An execution plan has been generated and is shown below.
Resource actions are indicated with the following symbols:
  ~ update in-place

Terraform will perform the following actions:

  ~ azurerm_role_definition.register-resource-providers
      assignable_scopes.#: "1" => "3"
      assignable_scopes.0: "/subscriptions/00000000-0000-0000-0000-000000000001" => "/subscriptions/00000000-0000-0000-0000-000000000001"
      assignable_scopes.1: "" => "/subscriptions/00000000-0000-0000-0000-000000000002"
      assignable_scopes.2: "" => "/subscriptions/00000000-0000-0000-0000-000000000003"


Plan: 0 to add, 1 to change, 0 to destroy.

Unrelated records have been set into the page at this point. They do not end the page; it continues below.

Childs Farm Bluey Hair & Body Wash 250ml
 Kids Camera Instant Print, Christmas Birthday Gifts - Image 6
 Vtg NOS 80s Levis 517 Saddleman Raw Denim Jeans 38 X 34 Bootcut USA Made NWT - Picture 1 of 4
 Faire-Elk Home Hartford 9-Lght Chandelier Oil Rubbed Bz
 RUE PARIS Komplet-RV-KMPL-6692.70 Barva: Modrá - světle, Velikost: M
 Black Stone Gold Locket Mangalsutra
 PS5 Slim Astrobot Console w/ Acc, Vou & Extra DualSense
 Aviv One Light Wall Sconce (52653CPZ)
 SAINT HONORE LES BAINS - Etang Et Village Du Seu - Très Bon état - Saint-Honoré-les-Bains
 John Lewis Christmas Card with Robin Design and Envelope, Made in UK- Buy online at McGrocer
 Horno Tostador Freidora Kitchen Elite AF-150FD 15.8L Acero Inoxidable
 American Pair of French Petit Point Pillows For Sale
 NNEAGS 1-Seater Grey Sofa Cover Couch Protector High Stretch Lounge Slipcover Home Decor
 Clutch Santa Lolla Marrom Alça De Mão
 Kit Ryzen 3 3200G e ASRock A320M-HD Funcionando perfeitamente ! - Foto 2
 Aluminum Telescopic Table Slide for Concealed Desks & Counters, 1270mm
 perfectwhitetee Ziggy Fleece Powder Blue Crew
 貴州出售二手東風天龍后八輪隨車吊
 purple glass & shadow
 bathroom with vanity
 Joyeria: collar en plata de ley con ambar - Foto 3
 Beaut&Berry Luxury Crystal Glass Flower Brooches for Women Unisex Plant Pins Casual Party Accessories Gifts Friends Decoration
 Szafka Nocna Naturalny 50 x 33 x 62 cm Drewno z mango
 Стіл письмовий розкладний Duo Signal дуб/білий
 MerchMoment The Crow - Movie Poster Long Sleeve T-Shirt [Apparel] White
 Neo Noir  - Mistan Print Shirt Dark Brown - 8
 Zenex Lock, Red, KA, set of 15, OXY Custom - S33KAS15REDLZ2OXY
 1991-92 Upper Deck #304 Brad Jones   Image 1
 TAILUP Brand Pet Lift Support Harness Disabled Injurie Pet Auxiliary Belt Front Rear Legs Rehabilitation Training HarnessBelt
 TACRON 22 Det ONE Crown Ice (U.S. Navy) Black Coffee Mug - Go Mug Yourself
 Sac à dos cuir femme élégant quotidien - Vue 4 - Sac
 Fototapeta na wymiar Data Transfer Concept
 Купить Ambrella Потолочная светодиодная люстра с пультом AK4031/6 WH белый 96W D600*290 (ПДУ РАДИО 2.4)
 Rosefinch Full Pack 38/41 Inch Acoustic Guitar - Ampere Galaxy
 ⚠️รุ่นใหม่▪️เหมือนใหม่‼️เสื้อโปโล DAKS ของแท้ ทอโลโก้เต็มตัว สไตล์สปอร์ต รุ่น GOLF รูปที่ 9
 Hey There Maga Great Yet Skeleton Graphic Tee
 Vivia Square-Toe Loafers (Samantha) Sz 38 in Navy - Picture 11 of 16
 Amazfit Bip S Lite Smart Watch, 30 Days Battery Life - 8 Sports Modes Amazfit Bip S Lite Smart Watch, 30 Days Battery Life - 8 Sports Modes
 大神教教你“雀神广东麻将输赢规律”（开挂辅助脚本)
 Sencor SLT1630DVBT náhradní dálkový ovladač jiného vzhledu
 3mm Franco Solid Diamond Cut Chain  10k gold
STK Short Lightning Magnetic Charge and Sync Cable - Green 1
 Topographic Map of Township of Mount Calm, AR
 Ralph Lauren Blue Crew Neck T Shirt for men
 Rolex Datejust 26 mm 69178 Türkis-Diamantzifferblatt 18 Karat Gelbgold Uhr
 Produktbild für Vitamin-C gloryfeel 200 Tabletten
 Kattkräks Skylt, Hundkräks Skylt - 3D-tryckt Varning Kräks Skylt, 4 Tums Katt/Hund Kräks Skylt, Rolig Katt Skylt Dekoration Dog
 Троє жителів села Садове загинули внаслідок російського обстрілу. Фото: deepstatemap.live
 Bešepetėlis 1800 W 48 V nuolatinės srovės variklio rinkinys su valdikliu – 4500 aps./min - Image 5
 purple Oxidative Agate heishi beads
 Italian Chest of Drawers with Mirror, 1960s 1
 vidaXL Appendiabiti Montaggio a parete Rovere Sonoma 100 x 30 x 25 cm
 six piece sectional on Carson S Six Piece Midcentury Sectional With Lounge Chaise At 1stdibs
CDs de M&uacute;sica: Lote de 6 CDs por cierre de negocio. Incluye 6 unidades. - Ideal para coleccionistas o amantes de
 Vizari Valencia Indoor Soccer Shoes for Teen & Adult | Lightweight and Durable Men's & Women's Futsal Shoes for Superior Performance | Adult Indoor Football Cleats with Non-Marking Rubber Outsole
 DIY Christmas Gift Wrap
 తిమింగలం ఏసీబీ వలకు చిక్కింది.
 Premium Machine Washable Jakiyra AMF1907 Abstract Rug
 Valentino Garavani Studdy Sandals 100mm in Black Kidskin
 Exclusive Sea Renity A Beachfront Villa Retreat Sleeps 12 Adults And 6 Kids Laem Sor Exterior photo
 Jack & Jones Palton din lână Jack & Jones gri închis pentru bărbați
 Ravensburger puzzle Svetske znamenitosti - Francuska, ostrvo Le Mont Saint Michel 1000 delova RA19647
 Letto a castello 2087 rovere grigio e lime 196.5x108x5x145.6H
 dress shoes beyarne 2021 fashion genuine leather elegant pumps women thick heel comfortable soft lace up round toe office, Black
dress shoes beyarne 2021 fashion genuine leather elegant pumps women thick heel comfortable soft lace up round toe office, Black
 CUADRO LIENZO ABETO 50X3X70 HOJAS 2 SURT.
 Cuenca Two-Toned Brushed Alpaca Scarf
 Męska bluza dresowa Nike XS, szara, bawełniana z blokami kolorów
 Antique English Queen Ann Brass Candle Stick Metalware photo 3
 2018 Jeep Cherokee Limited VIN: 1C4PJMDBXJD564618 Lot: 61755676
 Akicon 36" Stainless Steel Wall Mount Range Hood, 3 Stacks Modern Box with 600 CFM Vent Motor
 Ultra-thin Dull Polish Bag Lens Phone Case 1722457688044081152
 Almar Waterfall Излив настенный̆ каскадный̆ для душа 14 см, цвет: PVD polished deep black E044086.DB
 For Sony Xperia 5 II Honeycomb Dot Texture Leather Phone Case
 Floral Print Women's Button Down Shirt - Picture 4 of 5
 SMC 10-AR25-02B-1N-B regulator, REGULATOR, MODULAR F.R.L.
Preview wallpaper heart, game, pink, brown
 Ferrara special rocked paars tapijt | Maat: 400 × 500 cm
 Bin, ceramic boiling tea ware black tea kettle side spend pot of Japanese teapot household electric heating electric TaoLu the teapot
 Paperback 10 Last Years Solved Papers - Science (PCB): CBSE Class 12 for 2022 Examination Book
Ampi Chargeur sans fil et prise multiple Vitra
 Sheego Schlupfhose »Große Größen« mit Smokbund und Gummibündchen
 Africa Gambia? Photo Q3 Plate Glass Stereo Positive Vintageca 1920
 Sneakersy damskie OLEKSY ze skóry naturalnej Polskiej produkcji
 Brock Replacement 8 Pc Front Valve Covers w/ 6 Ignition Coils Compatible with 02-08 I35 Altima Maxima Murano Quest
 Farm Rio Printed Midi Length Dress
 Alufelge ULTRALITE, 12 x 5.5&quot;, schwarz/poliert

Do you want to perform these actions?
  Terraform will perform the actions described above.
  Only 'yes' will be accepted to approve.

  Enter a value: yes

azurerm_role_definition.register-resource-providers: Modifying... (ID: /subscriptions/00000000-0000-0000-0000-...s/01408bce-1618-f81b-bb34-0d60a3c5d0b3)
  assignable_scopes.#: "1" => "3"
  assignable_scopes.0: "/subscriptions/00000000-0000-0000-0000-000000000001" => "/subscriptions/00000000-0000-0000-0000-000000000002"
  assignable_scopes.1: "" => "/subscriptions/00000000-0000-0000-0000-000000000001"
  assignable_scopes.2: "" => "/subscriptions/00000000-0000-0000-0000-000000000003"
Releasing state lock. This may take a few moments...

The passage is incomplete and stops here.